Return an exact copy of the entries, skipping any picture you find.

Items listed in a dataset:
☆ ☆ ☆ ☆

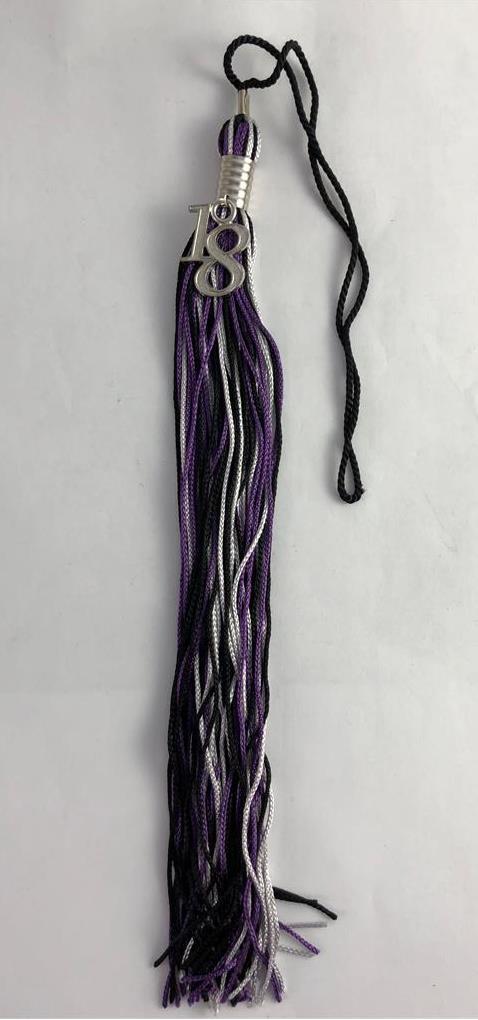 NEW Purple Black & Gray Class of 2018 Silver Charm Graduation Tassel 9" Jostens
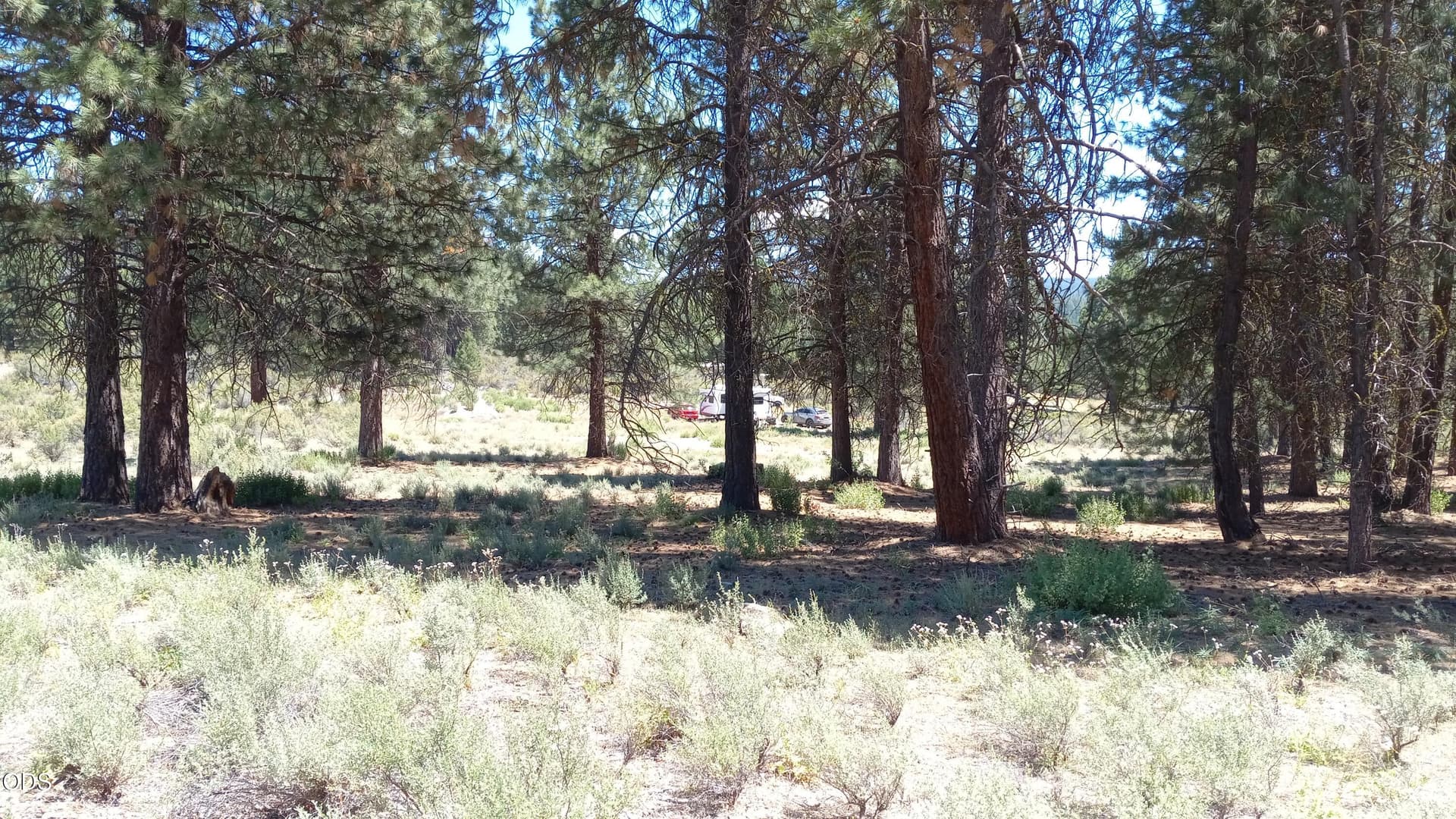 20230713_134544. Photo 3 of 9, 00 Pine Ridge Loop Unit Lot 11, Chiloquin, OR 97624
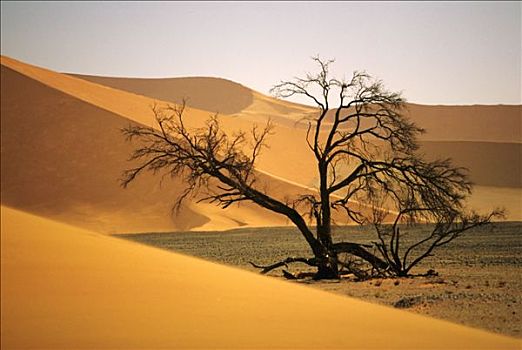 非洲,纳米比亚,纳米比诺克陆夫国家公园,索苏维来地区,枯木,沙丘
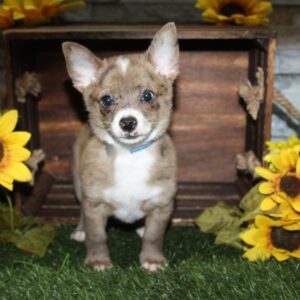 Chihuahua - PCHAB1615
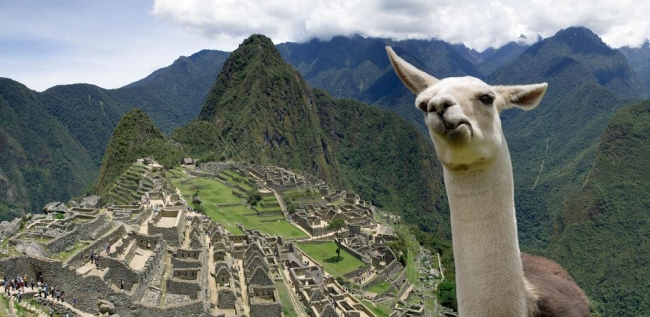 Machu Picchu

☆ ☆ ☆ ☆

* **Exercise answer**
 NEW Purple Black & Gray Class of 2018 Silver Charm Graduation Tassel 9" Jostens
 20230713_134544. Photo 3 of 9, 00 Pine Ridge Loop Unit Lot 11, Chiloquin, OR 97624
 非洲,纳米比亚,纳米比诺克陆夫国家公园,索苏维来地区,枯木,沙丘
 Chihuahua - PCHAB1615
 Machu Picchu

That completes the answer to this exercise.